In my own database mapping code for my game (I use RethinkDB) I made a type called DatabaseLink<T> where T : DatabaseEntry, with a Value property that will retrieve the link target from the database cache. It's almost as fast/convenient as a simple field, and it serializes to a GUID.
> Because SQL is amazing for executing business logic.
Can you explain this a bit more? I've always heard that there are supposed benefits to writing business logic in SQL, and I've made efforts to put it into practice, but the more I deal it, the more I dislike it.
I just finished rewriting a complex calculation that was being done in SQL into C#, and the C# runs about 10 times faster, is easier to understand, easier to debug, easier to change, and easier to test. The SQL was written as a series of views each building on top of another, some doing grouping, some doing calculations, etc. until it gets the final result which is copied into a table.
Let's say I need to calculate intermediate result A (like maybe a giant case statement) as input to calculate B, C, and D, which will then go on to be combined in various ways. In order to avoid inlining complex calculation A in 3 different places, I can either write a sub-select, a CTE, put it in a view, or copy it to a new table variable. But no matter how I handle it, I end up with layers and layers of nested select statements, each performing one more step of the calculation. Doing the same thing in an imperative language usually ends up seeming trivial compared to doing the same thing in SQL. In C#, I'd just add a function or read-only property to calculate A, and then use that wherever it's needed, but in SQL, adding such a requirement can mean restructuring the entire query.

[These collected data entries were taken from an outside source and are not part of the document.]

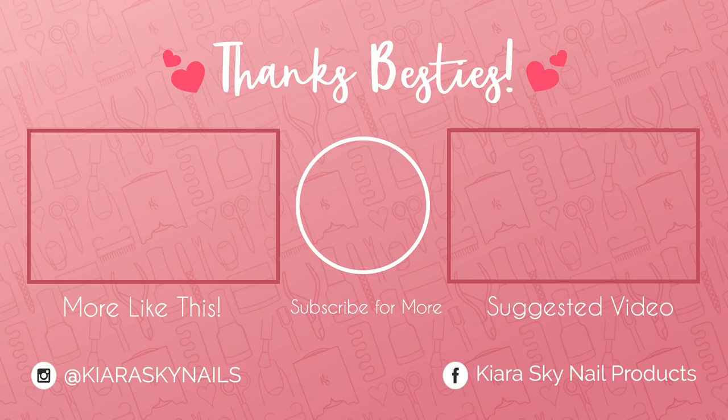I hope you all enjoyed this tutorial. Don't forget to like and subscribe, and if you guys have any shapes that you want to see, leave them down in the comments below. I'll see you guys next time, bye!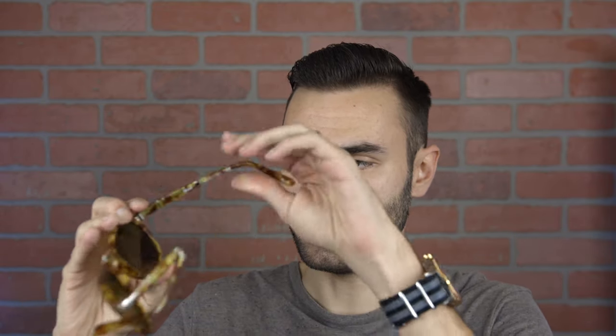As far as everything else goes on these frames, they are basically identical to each other other than the lens size. Both sunglasses fold up nicely and can fit in the pocket very well. The smaller size really doesn't fold into a smaller form factor than the standard size — they both fold in the exact same form factor.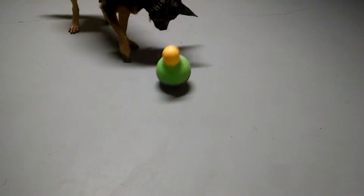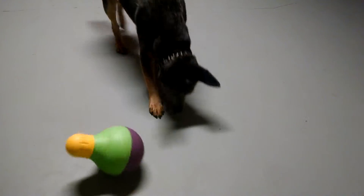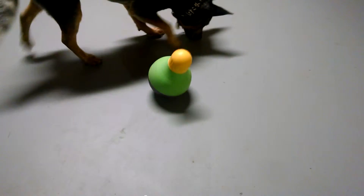So he's learned how to use the wobble ball. This is a pretty big hit because he can really whack it with his feet. It's a pretty durable thing.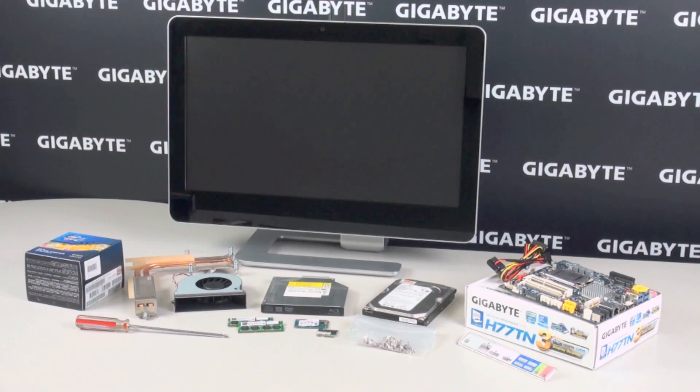Next to that you can see the 3.5-inch hard drive, the optical drive, plus our mSATA SSD and mini-PCIe modules for Wi-Fi and Bluetooth, some DDR3 SO-DIMM modules, the cooler — which is also part of the chassis design — as well as our Intel Core CPU.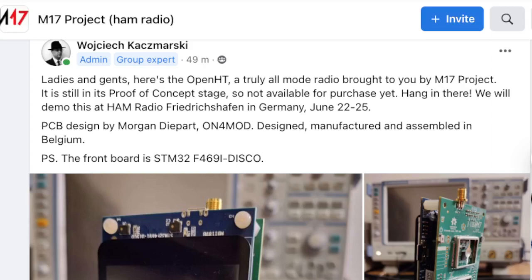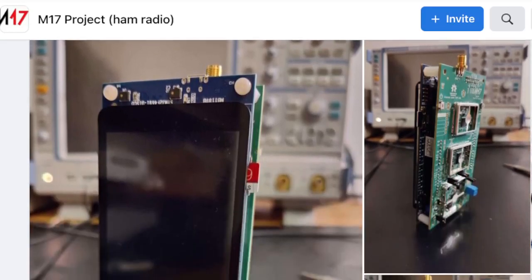Ladies and gents, here is the open HT — a truly all-mode radio brought to you by the M17 project. It is still in the proof of concept stage, so not available for purchase yet. Hang in there — we will demo this at Ham Radio Friedrichshafen in Germany, June 22nd to the 25th. PCB designed by Morgan Dierparte, ON4MOD, designed, manufactured, and assembled in Belgium. The front board is the STM32 F469I disco.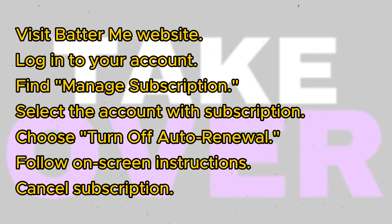That's all there is to it. I hope you find this tutorial helpful in canceling your BatterMain subscription.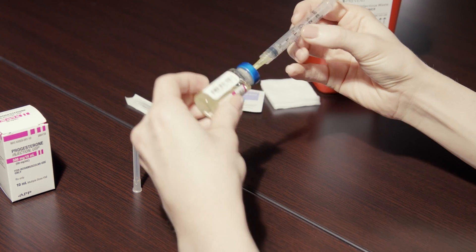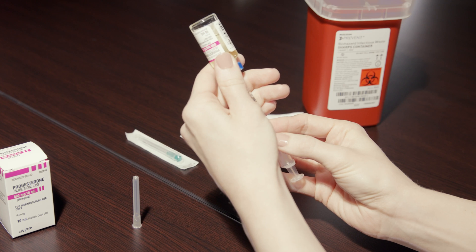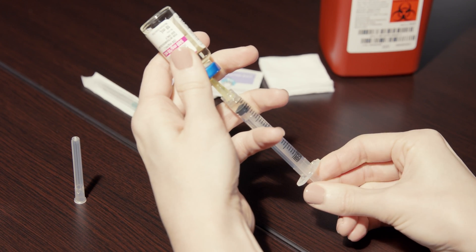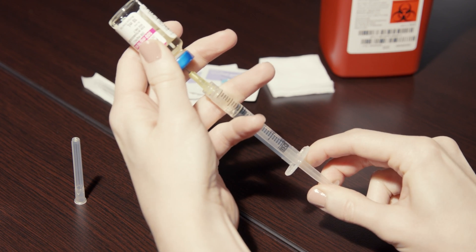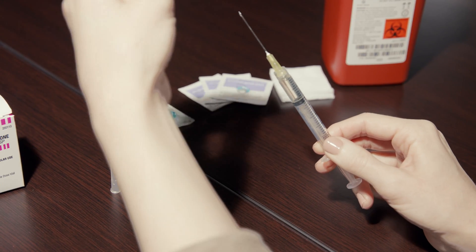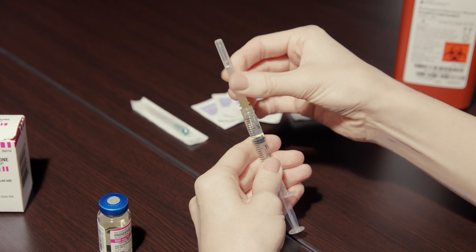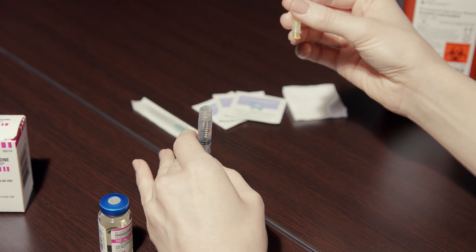Invert the syringe so that the vial is upside down but still attached to the syringe. Pull the plunger until the correct dosage of medicine enters the syringe. Take the needle out of the vial and replace the cap. Screw off the needle and place it in the designated sharps container.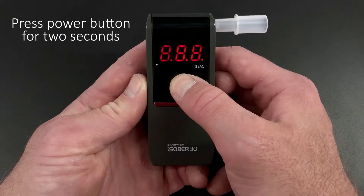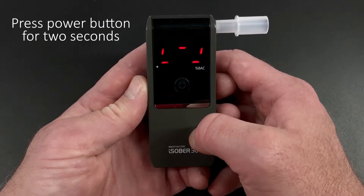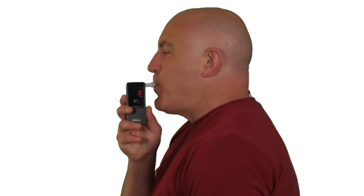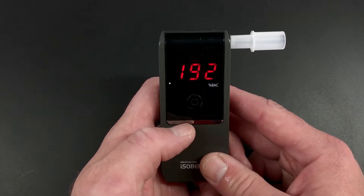To get started, press the power button for two seconds and the battery level will display. Wait until you can see the zero sign — this signifies that the unit is warming up. When zero appears, blow through the mouthpiece for four seconds until you hear a definite click sound. The result will be displayed for ten seconds and then turn off automatically.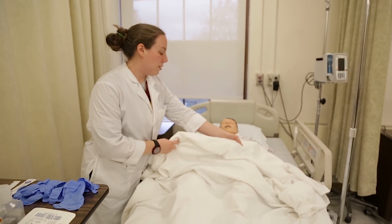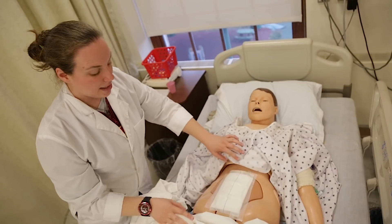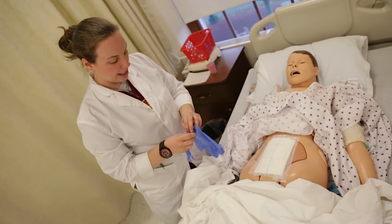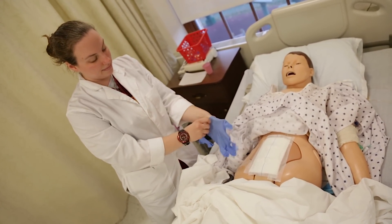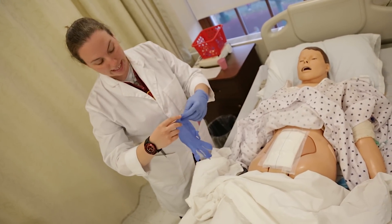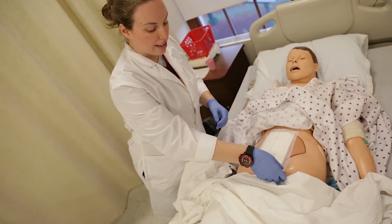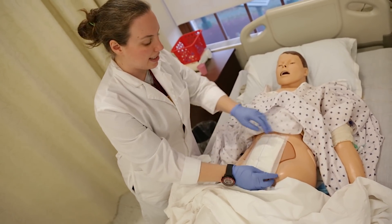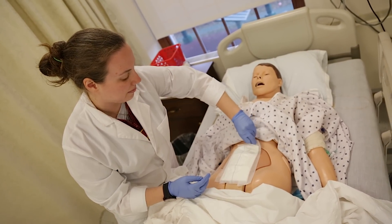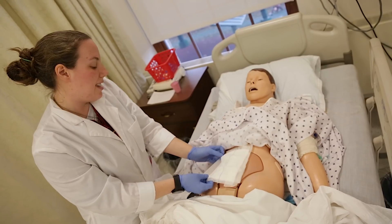Mr. Maxwell, I'll be bringing down your blanket and revealing your abdomen. This is what we'll be changing right here. In order for me to start changing, I need to take off the old dressing. So I put on my clean gloves — the first of many. Once those are on, I take off the wound dressing. I usually start at all four corners because opening the ends doesn't hurt as much.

In another case, I've taken a stored procedure that selected data into a table variable and manipulated that, and rewrote the whole thing in C#, getting a 15x performance gain (from almost a minute down to 3-4 seconds, and pretty much all that time is retrieving relevant rows from various tables). It does the exact same work, but working with classes instead of a table variable. When I originally started working on the stored procedure, it used cursors, and took 15 minutes to run.
In another case I was recently working on, what should be an efficient calculation joining 5 tables together into a view ended up taking several seconds to select one record and is called quite frequently (i.e. like 50 times in a second during application startup). I added an index to speed it up, but instead that index made other queries unbearably slow because the optimizer for those queries completely changed how they were executed based on the new index. So I put triggers to copy the view to a cache table every time something changes that the view depends on. But now it takes several seconds for each update of a row, which is still a win, because writes are maybe a few times a day, but reads are continuous. But it means that updating multiple rows at once will now be really, really slow, because the cache table has to always be up to date, and the trigger has to update it preemptively rather than lazily, because querying from the cache table can't cause it to update itself. I might end up having to rewrite the trigger to do the joining in C# if it causes too many performance problems.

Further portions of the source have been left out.